Several neighbors and community members — including some of whom were called by plaintiff herself — explained that the road, including the hairpin, was passable by car during all seasons, except when it had not been plowed in the winter. One witness recalled driving on the road since the early 1940s and estimated that he drove the entire length of the road 6 to 10 times a year. This witness testified that, at all times between the 1940s and 2000, the road was passable by way of a standard motor vehicle. Another resident testified to using the road regularly since the 1960s, including accompanying his wife, a real estate agent, to visit properties along the road. Vincent Bernstein, a Department of Environmental Conservation officer responsible for patrolling in the Town of Shandaken from 1985 to 2006, explained that he would drive along the road approximately twice per week during hunting seasons, as well as during the winter months, and that the road was only difficult to travel during a snowstorm before it had [*3]been plowed [FN2]. The Ulster County Sheriff testified to patrolling the road from 1979 to 2005 and likewise stated that he could traverse the road in his patrol car without any difficulty.
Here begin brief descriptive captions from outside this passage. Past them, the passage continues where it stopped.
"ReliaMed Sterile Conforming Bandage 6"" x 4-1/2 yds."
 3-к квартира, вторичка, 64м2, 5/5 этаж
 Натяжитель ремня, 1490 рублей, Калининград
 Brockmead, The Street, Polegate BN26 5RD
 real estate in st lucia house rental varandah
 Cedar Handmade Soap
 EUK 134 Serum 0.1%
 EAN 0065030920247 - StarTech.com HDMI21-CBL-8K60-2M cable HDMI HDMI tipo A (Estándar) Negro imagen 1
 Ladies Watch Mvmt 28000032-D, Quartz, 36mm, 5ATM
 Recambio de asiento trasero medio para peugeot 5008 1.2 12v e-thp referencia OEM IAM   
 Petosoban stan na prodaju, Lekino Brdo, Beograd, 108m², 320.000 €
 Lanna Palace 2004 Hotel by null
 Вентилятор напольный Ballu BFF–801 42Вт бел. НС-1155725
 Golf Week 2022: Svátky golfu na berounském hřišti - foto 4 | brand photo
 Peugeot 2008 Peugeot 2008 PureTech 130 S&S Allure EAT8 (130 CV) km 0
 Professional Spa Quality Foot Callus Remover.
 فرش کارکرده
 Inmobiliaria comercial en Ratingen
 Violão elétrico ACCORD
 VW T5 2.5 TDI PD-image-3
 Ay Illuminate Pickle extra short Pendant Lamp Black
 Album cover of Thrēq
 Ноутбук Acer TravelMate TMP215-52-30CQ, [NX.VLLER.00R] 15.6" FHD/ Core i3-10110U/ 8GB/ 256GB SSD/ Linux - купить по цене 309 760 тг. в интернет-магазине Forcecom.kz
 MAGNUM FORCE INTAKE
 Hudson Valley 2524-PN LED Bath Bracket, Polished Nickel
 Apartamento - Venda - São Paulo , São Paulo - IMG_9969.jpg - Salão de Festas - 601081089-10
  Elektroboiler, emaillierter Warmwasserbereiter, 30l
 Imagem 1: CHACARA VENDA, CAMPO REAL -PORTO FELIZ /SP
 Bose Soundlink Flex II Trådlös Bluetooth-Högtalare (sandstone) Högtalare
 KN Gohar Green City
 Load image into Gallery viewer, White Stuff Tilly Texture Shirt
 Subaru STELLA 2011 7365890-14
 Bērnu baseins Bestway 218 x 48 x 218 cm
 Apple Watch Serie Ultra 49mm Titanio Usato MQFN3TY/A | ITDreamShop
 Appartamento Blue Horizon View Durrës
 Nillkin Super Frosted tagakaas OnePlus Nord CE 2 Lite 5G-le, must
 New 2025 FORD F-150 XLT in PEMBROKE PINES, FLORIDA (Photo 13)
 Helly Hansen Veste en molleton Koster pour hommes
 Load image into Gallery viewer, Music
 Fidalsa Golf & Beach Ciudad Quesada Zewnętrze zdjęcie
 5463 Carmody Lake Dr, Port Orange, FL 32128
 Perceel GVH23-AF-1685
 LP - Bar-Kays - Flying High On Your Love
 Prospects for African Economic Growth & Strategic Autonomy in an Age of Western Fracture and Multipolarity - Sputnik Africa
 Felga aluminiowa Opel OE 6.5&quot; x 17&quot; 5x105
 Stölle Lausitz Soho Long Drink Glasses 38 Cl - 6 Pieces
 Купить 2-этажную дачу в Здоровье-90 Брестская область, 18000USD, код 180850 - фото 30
Defendants also presented extensive evidence concerning the Towns' maintenance of the road. Through the testimony of the two individuals who successively served as the Superintendent of Highways for the Town of Lexington from 1988 to 2010, it was established that the road was plowed and sanded during the winter months and that year-round maintenance, including the removal of fallen tree limbs and clearing of ditches, was performed during this time. Testimony from the Superintendent of Highways for the Town of Shandaken, as well as various employees of that Town, revealed that the road had been regraded each spring since at least 1988, and that other measures to maintain the road were undertaken on a regular basis. One of these employees testified to putting in a large culvert under the hairpin, which was thereafter maintained by the Town of Shandaken. Workers from both Towns testified that, pursuant to an informal agreement, the Towns cooperated in maintaining the road. Further, the road is depicted on maps going back as far as 1856, and defendants submitted evidence that the hairpin was listed on the New York State Department of Transportation Local Road Listing inventories for the Town of Lexington since at least 1985.
For her part, plaintiff primarily relied on the testimony of four members of the DePaolo family who asserted that, prior to 2000, the hairpin was unused by motor vehicles and impassible in the winter months.